In other words, a US citizen's UK government pension is taxable to both the US and the UK. Primary taxing rights to the UK. Normal US foreign tax credit applies, but no FEIE since this income is not 'earned'. Obscure? Certainly. Unfair? Of course. Par for the course with the US? Yes.



Bevdeforges said:


> Renunciation is always an option - but it's an expensive way to go, both in terms of money and time and effort.


The initial effort probably isn't that great. A couple of intrusive forms, a visit (or at worst two) to the US consulate, and you're done. The larger workload will be final split-year US tax return, but even there you can always pay someone to have that done for you.

As for expense, the $2,350 will probably pay dividends over successive years in completely freedom to then use things such as ISAs and other UK tax-free accounts. It is also worth noting that renunciation has become vastly more expensive over the past decade or so, up from $0 to $450 in 2010 to $2,350 in 2014. Where next?

Added to that, the US introduced its appalling 'exit tax' in 2008, and if you hit the asset limits for 'covered expatriate' then that alone can push renunciation financially out of reach for some. In effect a financial 'Berlin Wall', with the US playing the part of East Germany.

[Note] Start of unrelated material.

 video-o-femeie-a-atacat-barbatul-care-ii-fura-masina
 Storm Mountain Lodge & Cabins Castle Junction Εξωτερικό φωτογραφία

All of which is to say that while renunciation might currently be somewhat difficult and expensive, it seems set to become even more so in time. That's an argument for renouncing _now_, and before things worsen further.


----------



## Bevdeforges (Nov 16, 2007)

I just don't want folks thinking that renunciation is an "easy" cure-all for the issues with US citizenship for those living abroad. There are still the laws on the books that allow the Attorney General to deny entry to the US to those who have renounced their citizenship. Haven't heard of this being invoked - other than for one or two extremely wealthy individuals who were seen to have renounced in order to avoid US taxation - but that is also a possibility in the future. There are also tax issues related to US persons who inherit from "foreigners" - so another thing to look into if any of your heirs-to-be are still US citizens. And, of course, for anyone with US source income (or the potential for US source income in the future) the tax consequences of that as a non-citizen could prove a rather unpleasant surprise. 

Renunciation is an option - and probably a good option for some folks. But there are many aspects that have to be considered before you take the plunge.
Cheers,
Bev


----------